The listing below should be reproduced precisely, except for its images.

■ **GIVEN INFORMATION**
'''

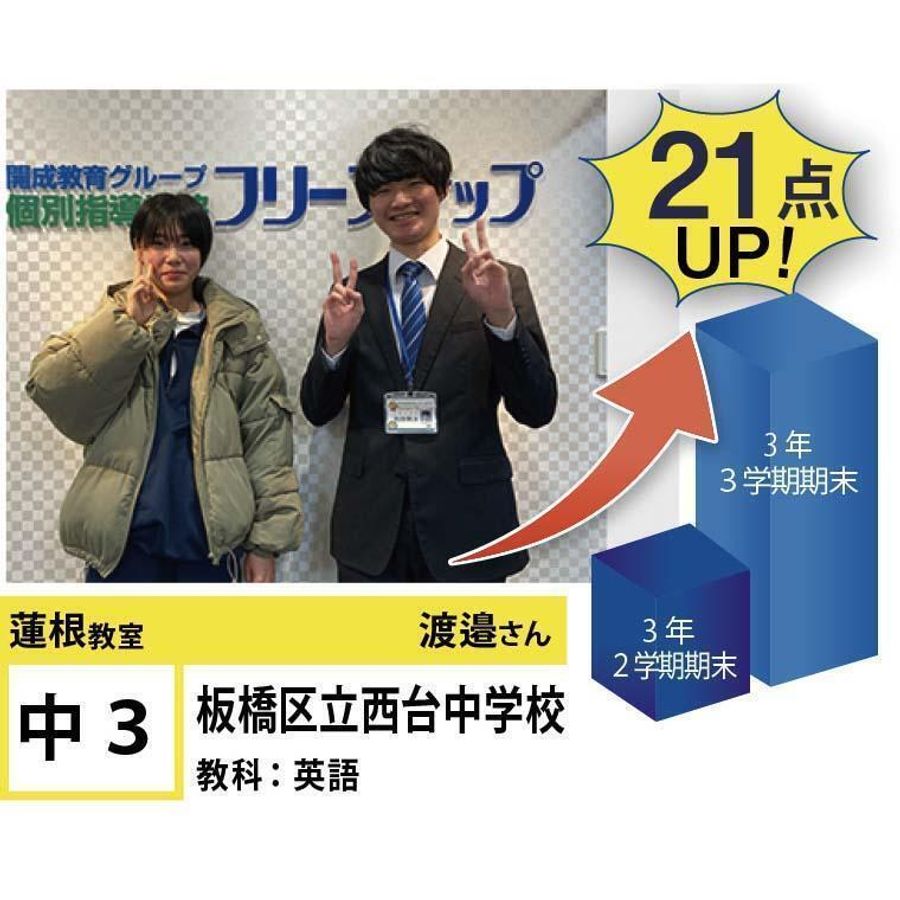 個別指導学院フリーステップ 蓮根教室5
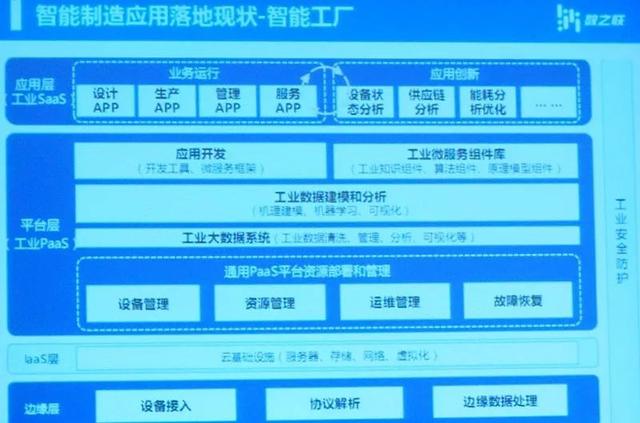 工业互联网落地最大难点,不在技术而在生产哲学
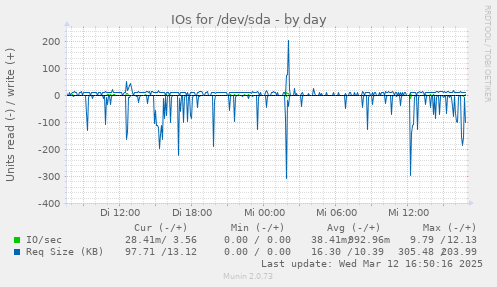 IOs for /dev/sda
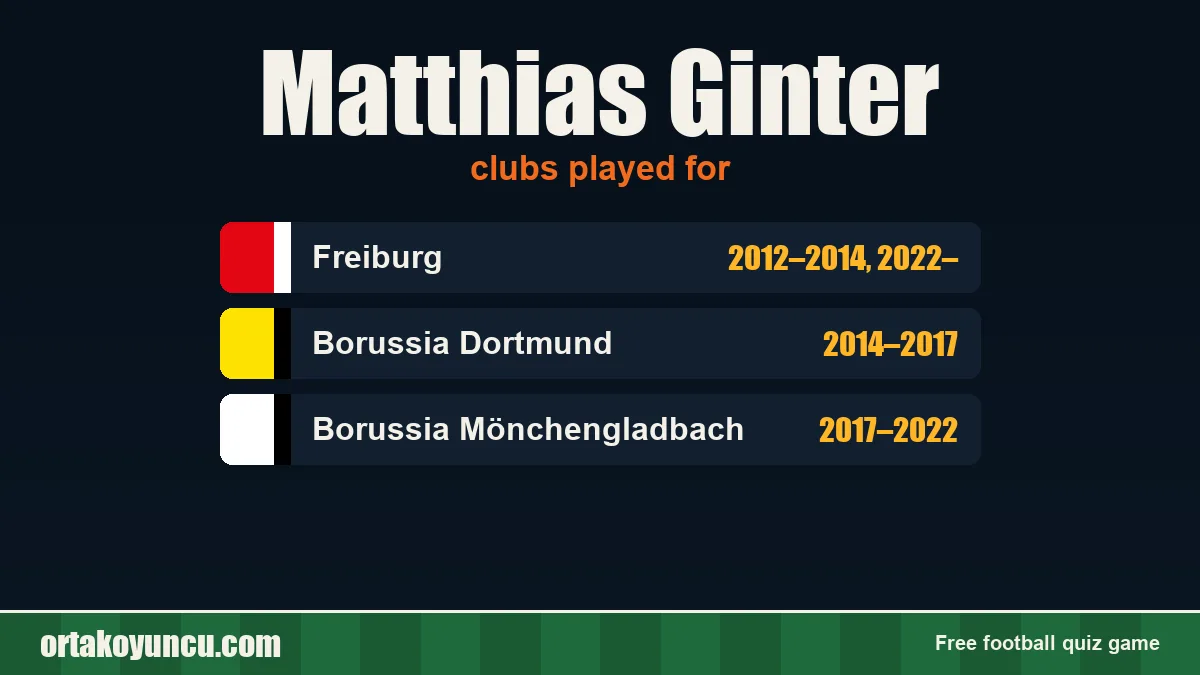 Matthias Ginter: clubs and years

'''

■ **YOUR RESPONSE**
 個別指導学院フリーステップ 蓮根教室5
 工业互联网落地最大难点,不在技术而在生产哲学
 IOs for /dev/sda
 Matthias Ginter: clubs and years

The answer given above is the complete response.